Small Great Things will be published on October 11, 2016. I love Jodi Picoult’s novels because they usually tackle a time relevant and profoundly sensitive issue, causing readers to step back and take a look at things from different points of view. Small Great Things is written in the same manner, but this time Picoult explores the heavily debated and recently newsworthy issues of prejudice, race, and justice. This is one of my favorite Picoult novels, ranking up near the top with Change of Heart and The Storyteller.
On a routine shift in the labor and delivery ward at Mercy-West Haven Hospital where Ruth Washington has been a nurse for 20 years, her life changes dramatically based upon a family member’s request. Ruth is assigned to postpartum care of the mother and routine infant care for the Bauer family, who she quickly learns are white supremacists. Ruth happens to be the only black nurse on the ward, and the Bauers request that she is not allowed to care for their infant son solely because of the color of her skin. Though hurt and embarrassed by the hospital’s actions in not allowing her to care for a patient despite her stellar work record, Ruth tries to move on and focus on caring for patients, for which she is more than capable. However, when Davis Bauer goes into cardiac arrest after a routine procedure, Ruth is the only one in the room with him. She hesitates, knowing that she has been forbidden to touch the child, but ends up performing CPR and trying to save Davis’s life. Tragically, Davis Bauer dies. As expected, Turk and Brittany Bauer are out for justice and revenge, believing that Ruth Washington is the sole reason their son perished. Ruth finds herself on trial with a white public defender who has not yet defended anyone in a murder trial. Ruth’s husband passed away 10 years prior while on military duty, leaving her the sole provider for their son Edison, now a high school student working hard to get into college and be successful. An overly independent woman, she must learn to trust and lean on Kennedy, her lawyer, if she wants to be around for her son’s future.

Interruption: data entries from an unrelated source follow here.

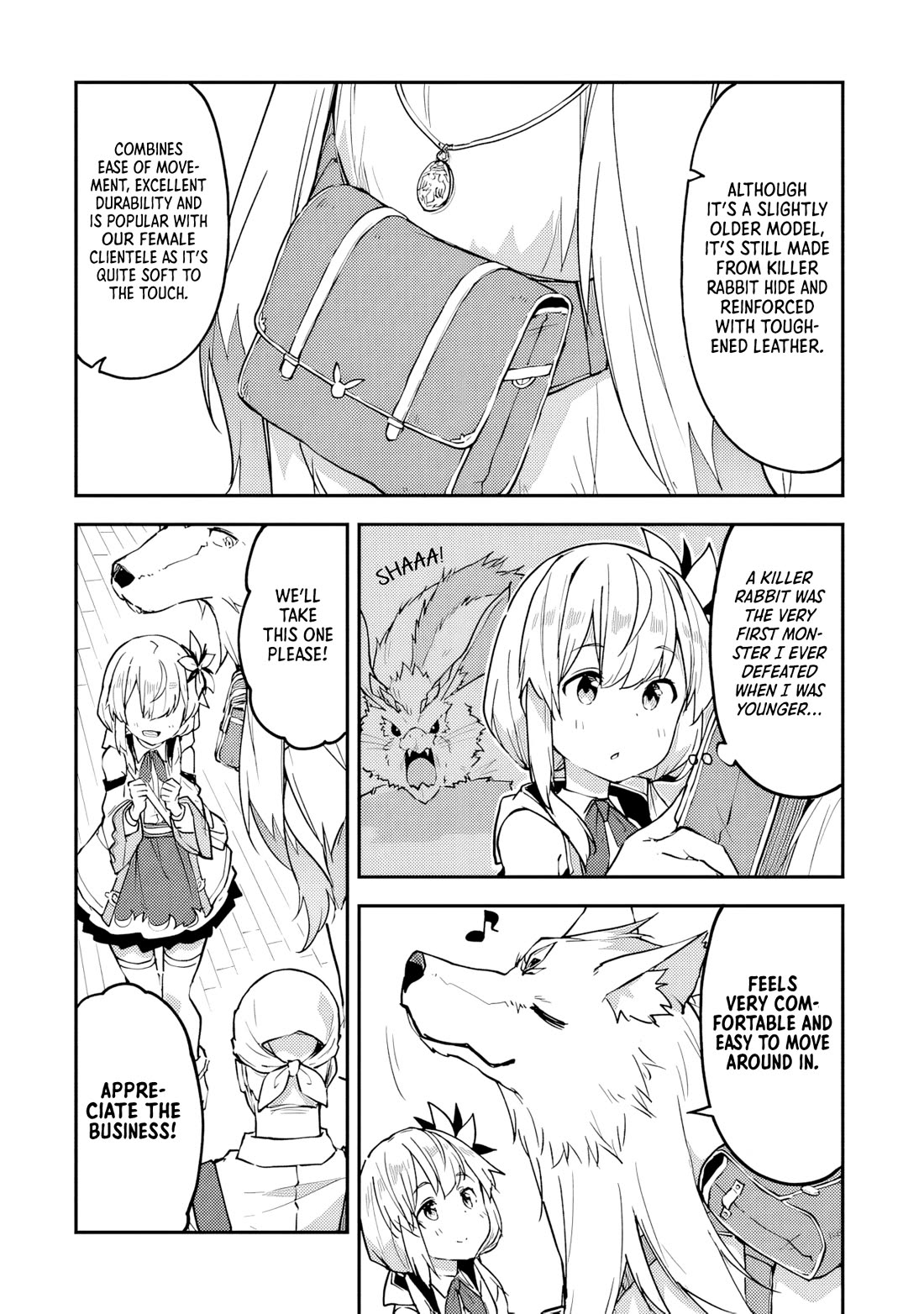 The Tale of a Little Alchemist Blessed by the Spirits Chapter 30 page 13 - Chapter 30: Let's Go Gather Some Materials (Part 1)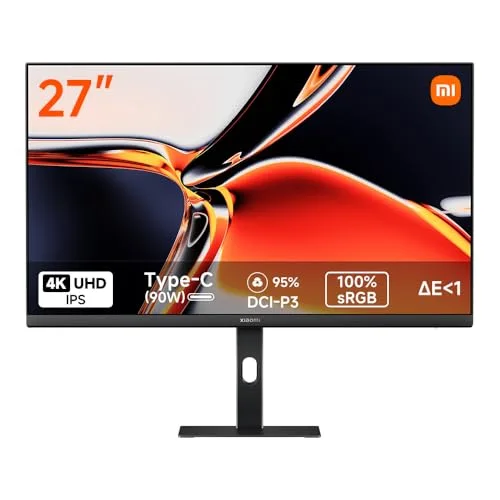 Xiaomi A27Ui 27" 4K IPS 60 Hz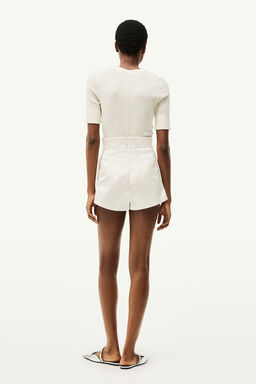 Minishorts en sarga brillante - H&m фото 2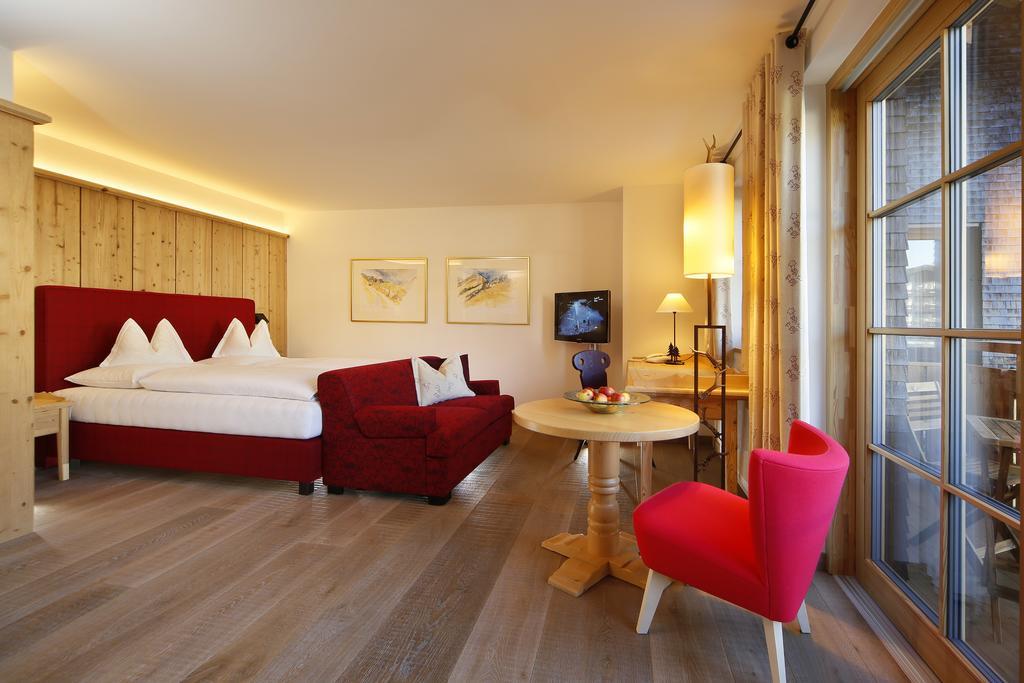 Hotel Petersboden Lech am Arlberg Værelse billede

Kennedy McQuarrie begs her boss to take on Ruth’s case, in part because she wants the challenge of her first murder trial, but also because there is something about Ruth which Kennedy can’t shake. She knows in her heart that Ruth, a nurse who took the Florence Nightingale pledge and cares deeply for her patients, would not deliberately cause the death of an infant. Though she has hundreds of public defender cases open and precious little time, Kennedy throws herself into Ruth’s case with a new fervor, and in the process learns a lot about Ruth, but even more about herself. Kennedy claims that she doesn’t see color, and believes blacks and whites to be equal. She cautions Ruth from bringing up race in the trial, knowing that it will blow any chance of an acquittal. Even though race is the sole reason for the unfortunate tragedy and the underlying reason Ruth is on trial, Kennedy is scared to bring the issue to light in front of the media and jury. As she spends more time with Ruth, Kennedy begins to notice so many things Ruth faces that she would have never noticed before. Readers will be proud of the way Kennedy “grows up” during the course of the story. I know I was.
All in all, this is a wonderful story about human connection, no matter the color of one’s skin. The ending had me teared up, but smiling because the outcome from such an ugly, unfortunate situation turned into something truly beautiful when the final chapter came to a close. The story shows that one person can cause a ripple which can lead to a tidal wave. It only takes a small, great thing to start a change that can affect a great many people.
Picoult does a fabulous job of showing the perspective of two very different sides of racial equality and prejudice. The story progresses back and forth between Ruth, Kennedy, and Turk Bauer. Picoult’s author notes at the end of the story are not to be missed. She explains why she wanted to write a story about race, why she waited so long to do so, and about the real life situation she used as background for Small Great Things. The research she completed for the story is phenomenal and much appreciated.
The title of the book references a quote from Dr. Martin Luther King, Jr. “If I cannot do great things, I can do small things in a great way.” The characters in this story certainly did small things in a great way, as well as Jodi Picoult did by writing this story. Picoult notes that she will get push-back for this story, both from white people and people of color. She knew it wouldn’t be easy or fun, but she wrote the novel “because the things that make us most uncomfortable are the things that teach us what we all need to know.” Well said, Jodi Picoult. I am very grateful you wrote Small Great Things and I truly believe it will change the perspectives of many readers.